To determine the prevalence and severity of fluorosis in permanent incisor teeth in young children in a fluoridated and a fluoride-deficient community and to establish what relationship, if any, there was between the occurrence of dental fluorosis and the reported use of fluoride toothpaste in childhood.


A prevalence study of children aged 8-9 years who had been continuous residents in fluoridated Newcastle or fluoride-deficient Northumberland.


The permanent maxillary central incisor teeth were examined clinically and photographically by one examiner using the Thylstrup-Fejerskov index; the photographs were read blind to child identity and clinical score. A closed-response questionnaire enquired into the child's early experiences of toothbrushing and use of fluoride toothpastes. Social deprivation was measured by a Jarman score. The study took place in 1998.

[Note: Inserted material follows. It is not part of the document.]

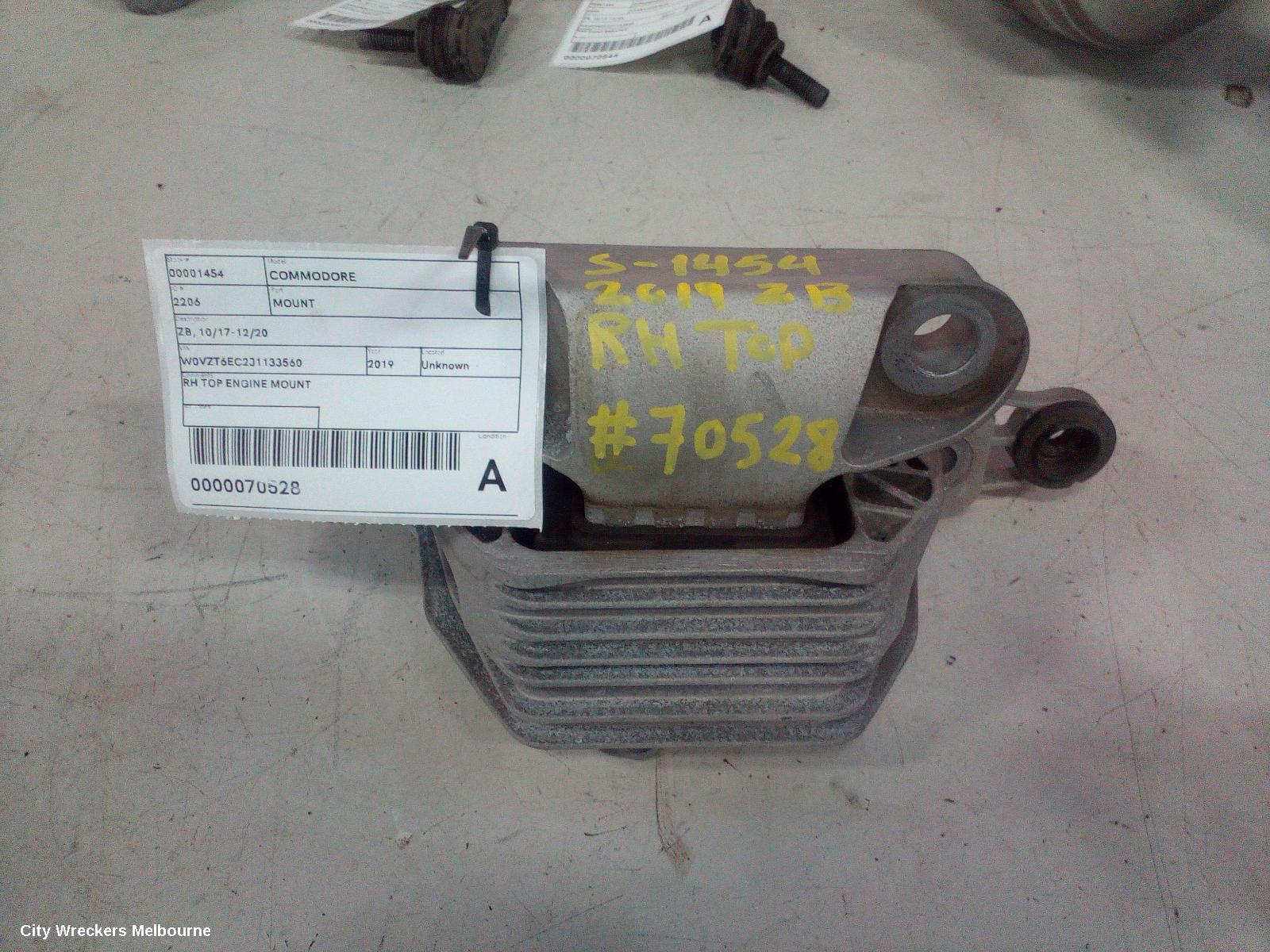 HOLDEN COMMODORE MOUNT, ZB, 10/2017 - 12/2020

Prevalence of dental fluorosis measured by the Thylstrup-Fejerskov index.


Complete data were available for 78% (n = 409) and 79% (n = 403) of eligible sampled children in the two areas, respectively. Clinical and photographic results agreed closely and had high reproducibility. The prevalence of fluorosis was 54% in the fluoridated area and 23% in the fluoride-deficient area when all grades (> 0) of fluorosis were included; percentage prevalence of mild to moderate fluorosis (> or = 3) was 3% and 0.5% in the two areas, respectively. Multivariate analysis indicated that area of residence (odds ratio = 4.5), Jarman score (odds ratio = 0.99 per Jarman unit) and type of toothpaste (odds ratio = 1.6) were statistically significantly related to presence or absence of fluorosis: the risk factors were--fluoridated area, affluence, and use of adult toothpaste.


The prevalence of aesthetically important dental fluorosis was low, although higher in the fluoridated area. Use of a child's toothpaste (with lower fluoride concentration) could decrease risk in a fluoridated area. Adherence to the guidelines published by the British Society of Paediatric Dentistry is recommended.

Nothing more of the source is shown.